3. It allows to use std::string meanwhile under the hood as storage giving high efficiency when assigning boost::string to std::string when the implementation is COW (almost all implementations with exception of MSVC)
COW implementations of std::string are not allowed anymore starting with C++0x.
Shame, I still have a little hope that n2668 would be reverted back.
4. It is full unicode aware 5. It pushes "UTF-8" idea to standard C++ 6. You don't pay for what you do not need.
What am I paying for? I don't see how I gain anything.
You don't pay on validation of the UTF-8 especially when 99% of uses of the string are encoding-agnostic.
#ifdef C++0x typedef char32_t const_code_point_type; #else typedef unsigned const_code_point_type; #endif
Just define boost::char32 once (depending on BOOST_NO_CHAR32_T) and use that instead of putting ifdefs everywhere. (that's what boost/cuchar.hpp does in my library)
Good point
// UTF validation
bool is_valid_utf() const;
See, that's what makes the whole thing pointless.
Actually not, consider: socket.read(my_string); if(!my_string.is_valid_utf()) ....
Your type doesn't add any semantic value on top of std::string, it's just an agglomeration of free functions into a class. That's a terrible design. The only advantage that a specific type for unicode strings would bring is that it could enforce certain useful invariants.
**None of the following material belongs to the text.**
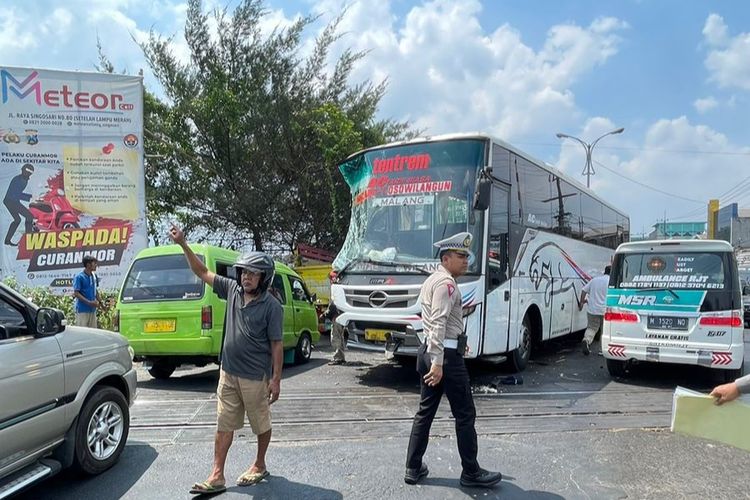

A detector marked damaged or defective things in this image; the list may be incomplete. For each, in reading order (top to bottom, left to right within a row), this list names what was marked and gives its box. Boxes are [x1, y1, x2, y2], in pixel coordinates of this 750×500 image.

You don't need to enforce things you don't care 99% of cases.
Enforcing that the string is in a valid UTF encoding and is normalized in a specific normalization form can make most Unicode algorithms several orders of magnitude faster.
You do not always want to normalize text. It is user choice you may have optimized algorithms for already normalized strings but it is not always the case. Also what kind of normalization NFC? NFKC?
All of this is trivial to implement quickly with my Unicode library.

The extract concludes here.